SUPPLIED RECORDS START

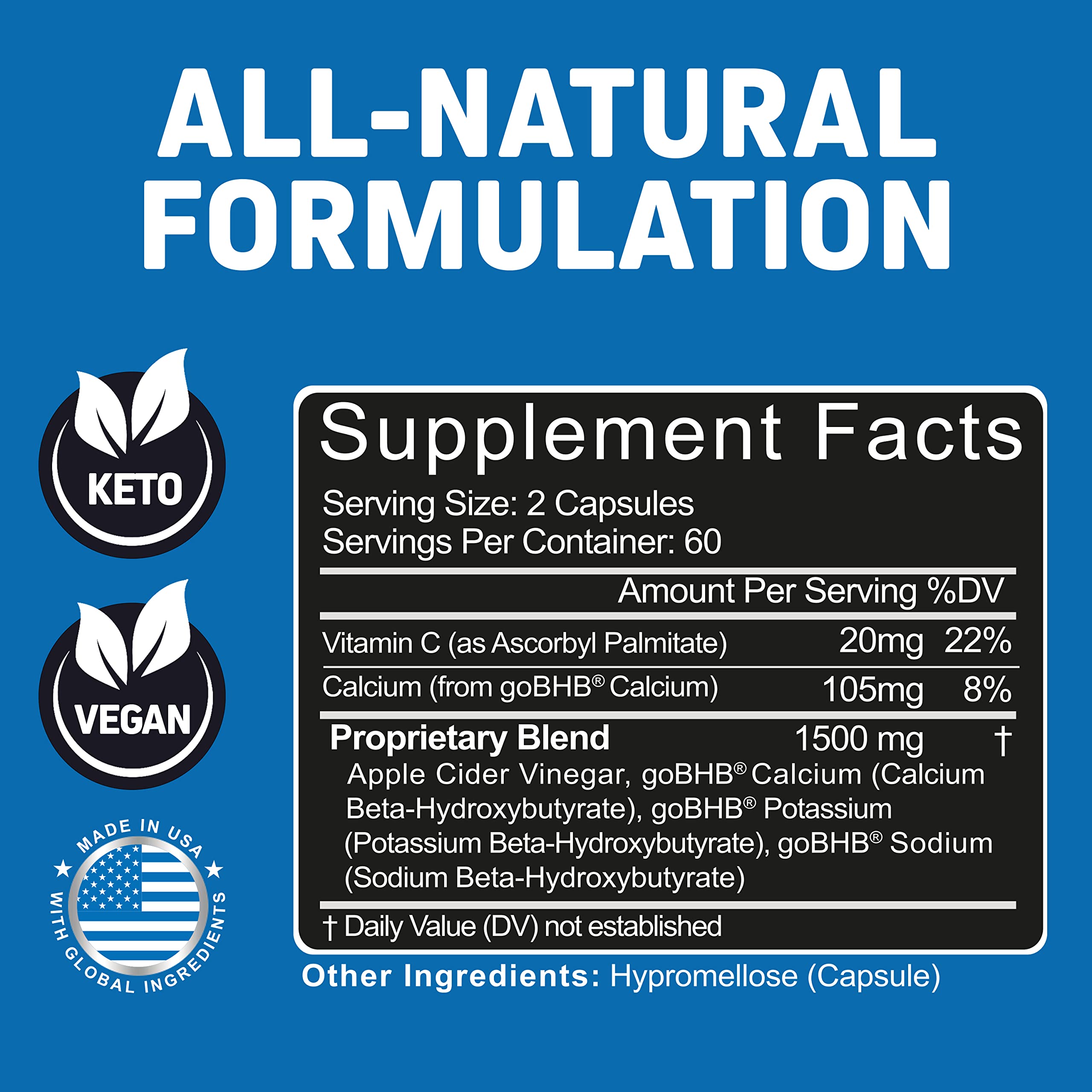 Fertility Supplements for Women to Help Pregnancy & Better Conception + Prenatal Vitamins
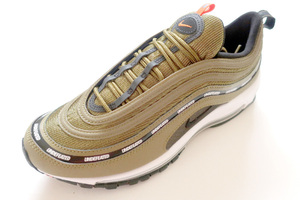 (29cm)UNDEFEATED限定Nike Air Max 97ナイキエアマックス97 DC4830-300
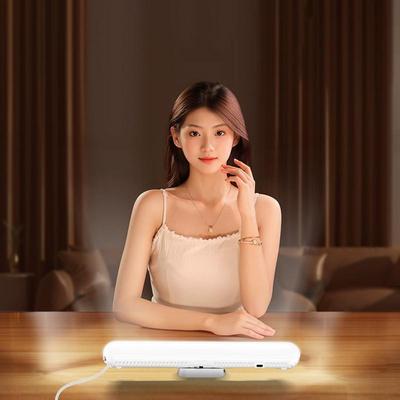 Inspired Deals Chin Fill Light LED Live Streaming Light For Jawline And Neck Enhancement Chin Fill Light LED Live Streaming Light For Jawline And Neck Enhancement
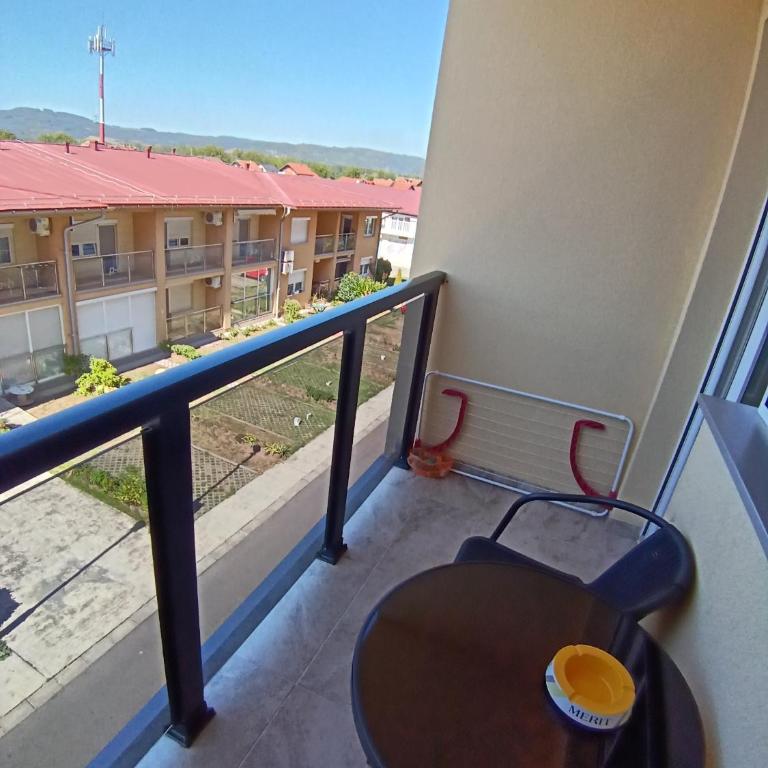 Apartmani Banja Koviljaca - Appartement 1 Chambre - 10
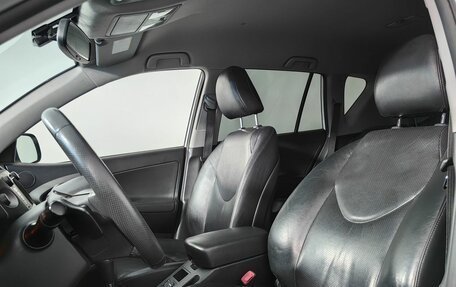 Toyota RAV4, 2012 год, 1 697 000 рублей, 10 фотография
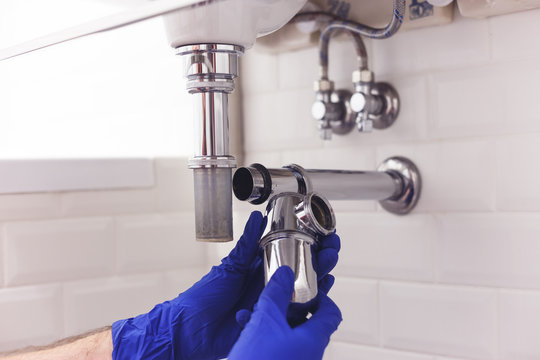 Jeffrey's Plumbing Solution photo 4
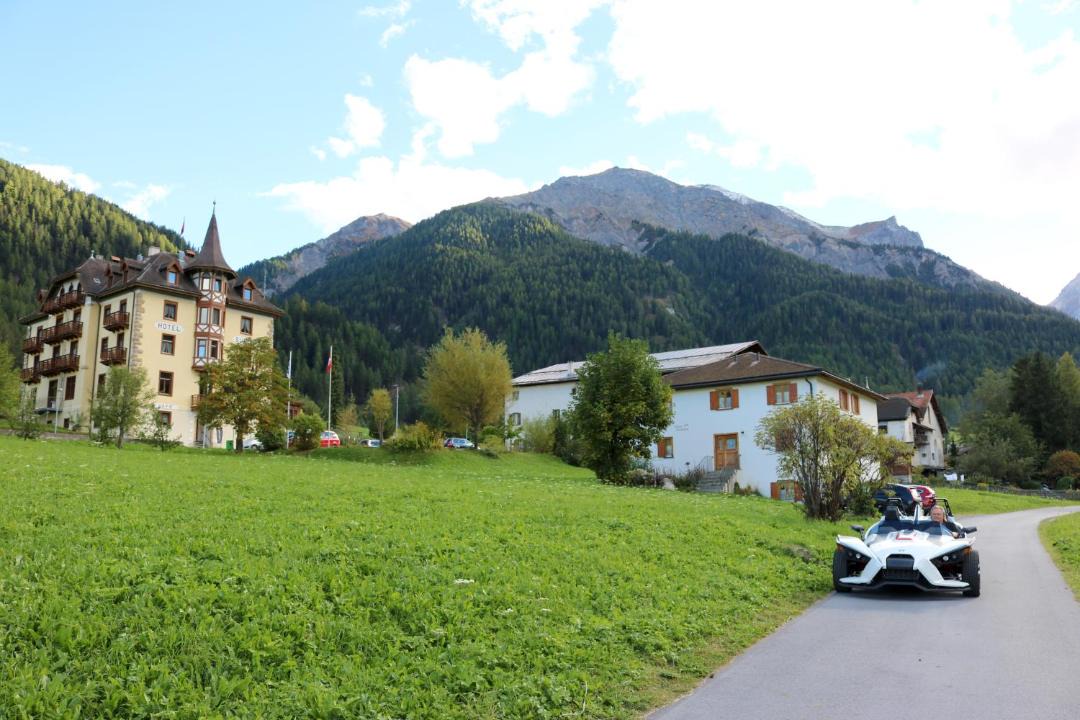 Photo of Others in Val Muestair
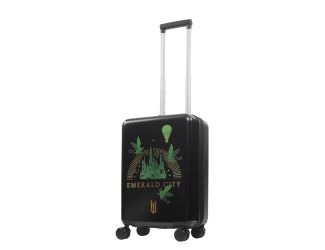 Universal Studios Wicked Carry-On Size 22.5"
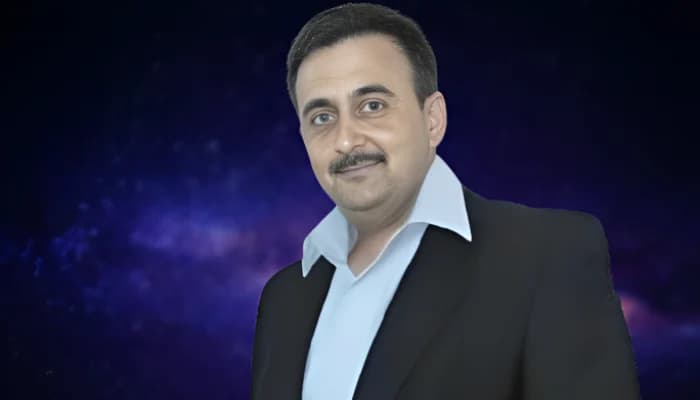 ANAND Group Names Manoj Sharma as SVP– Group HR, Automotive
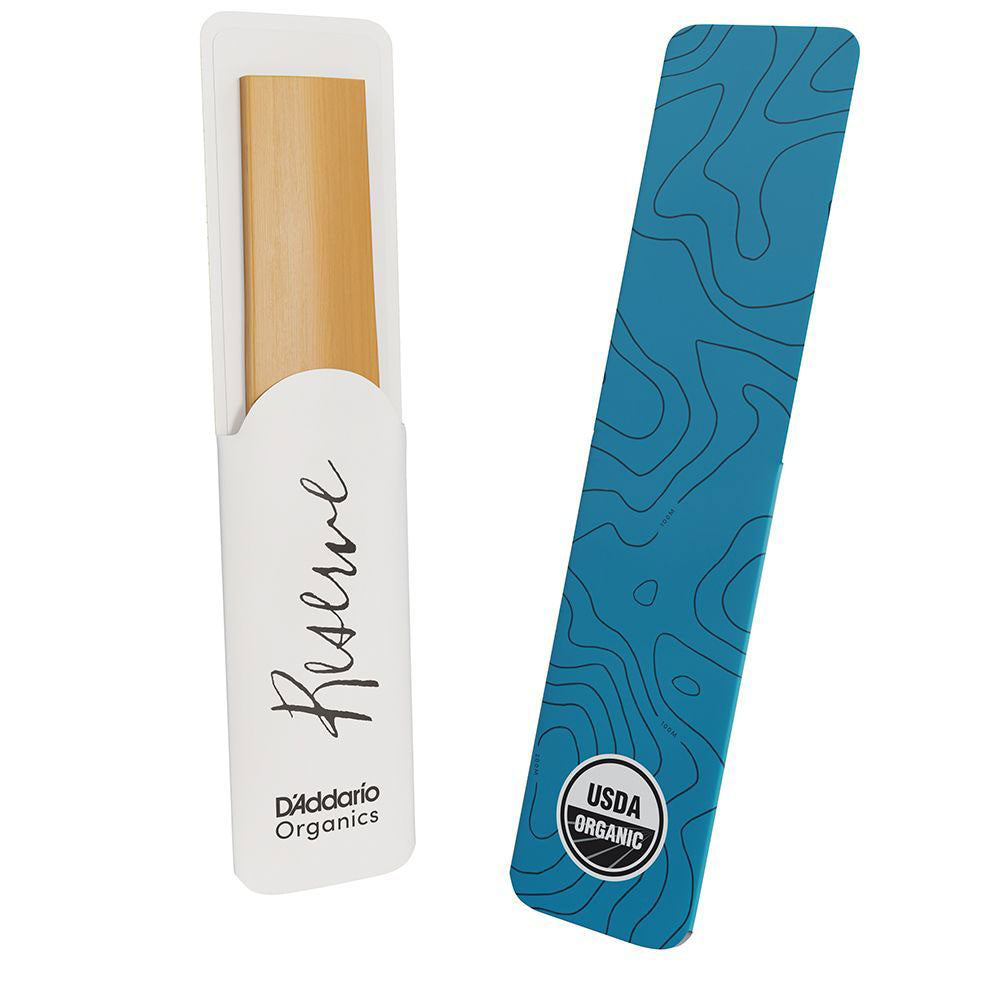 Organic Reserve 3,5+ - Clar Basse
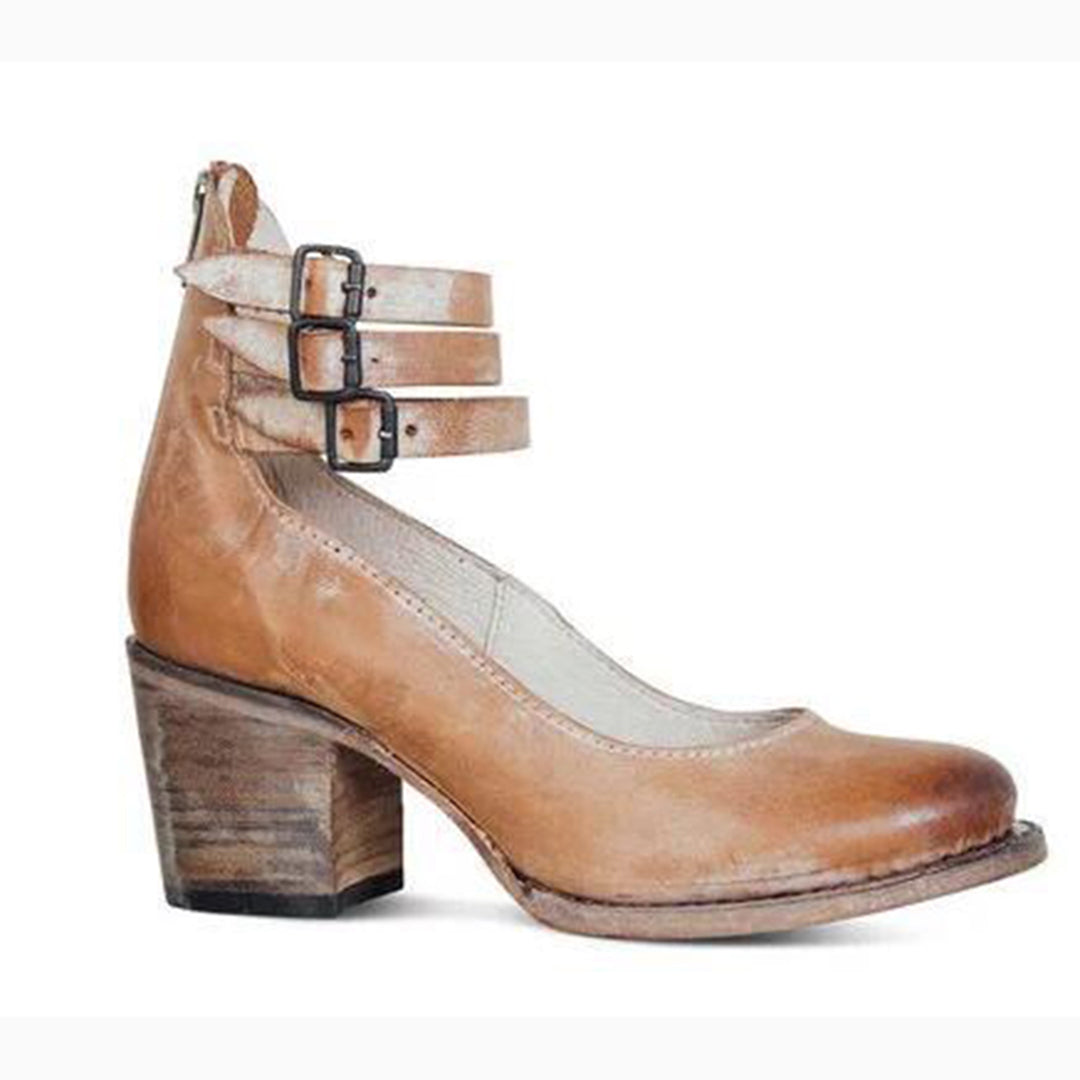 Sophie - Elegante Schoenen - Ultiem Comfort - Voor Dames - Geschikt voor Elke Gelegenheid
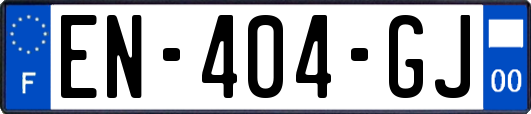 EN-404-GJ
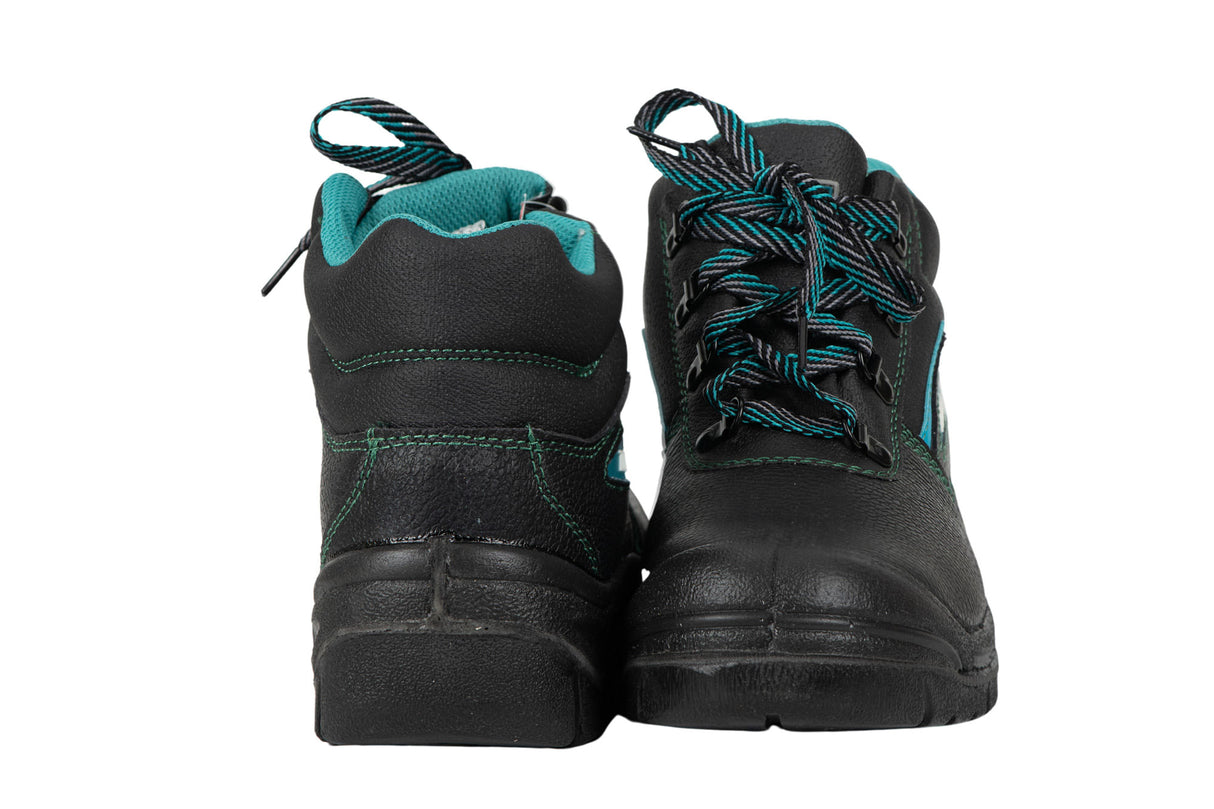 Bocanci de protectie Total - marime 41 - clasa S1P, 4, atomico.ro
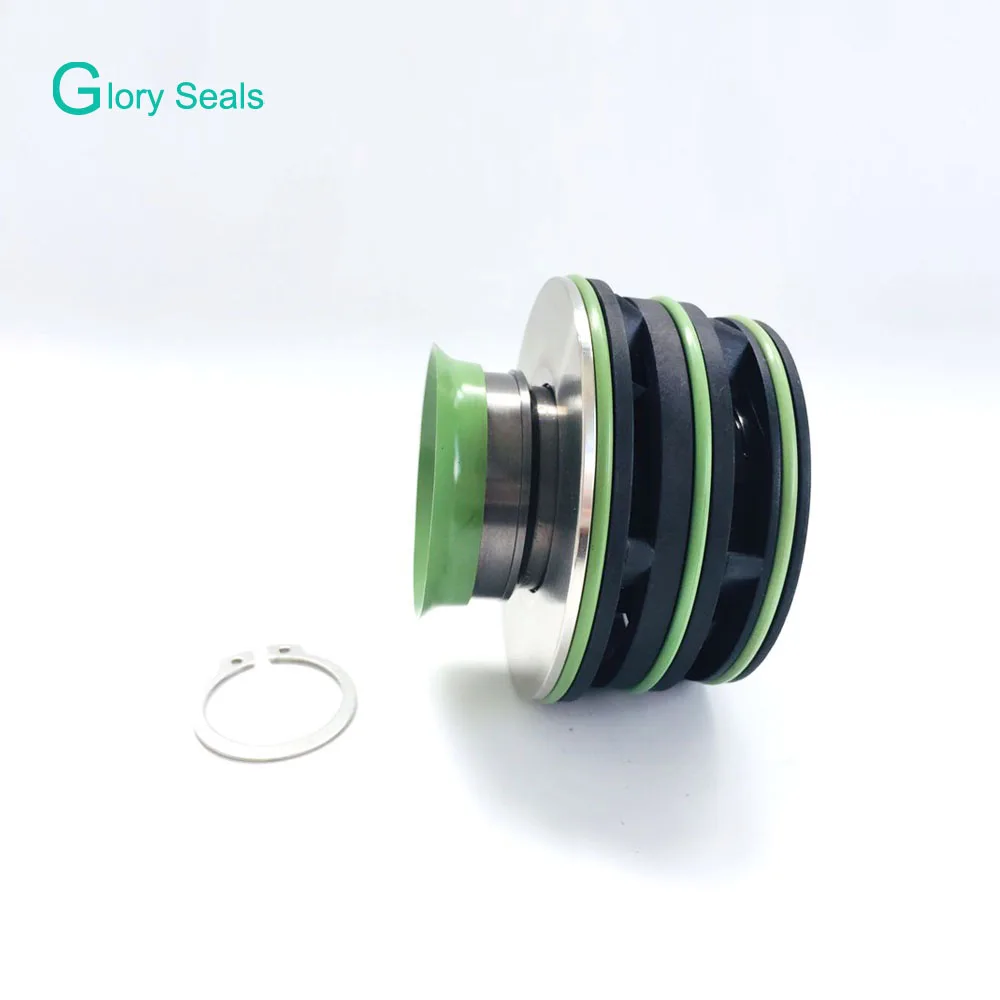 

FS45 FS-45mm Plug-in Flygt механическое уплотнение для насоса Flygt 3171/4650/4660/5100.250/5100.251/5100.260/5100 2 шт./лот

SUPPLIED RECORDS END

From the data above, retype only the lines starting with the line with "Universal Studios Wicked" and going on through the line with "Bocanci de protectie", exactly, leaving out the pictures.

**ANSWER TO THIS PROBLEM:**
 Universal Studios Wicked Carry-On Size 22.5"
 ANAND Group Names Manoj Sharma as SVP– Group HR, Automotive
 Organic Reserve 3,5+ - Clar Basse
 Sophie - Elegante Schoenen - Ultiem Comfort - Voor Dames - Geschikt voor Elke Gelegenheid
 EN-404-GJ
 Bocanci de protectie Total - marime 41 - clasa S1P, 4, atomico.ro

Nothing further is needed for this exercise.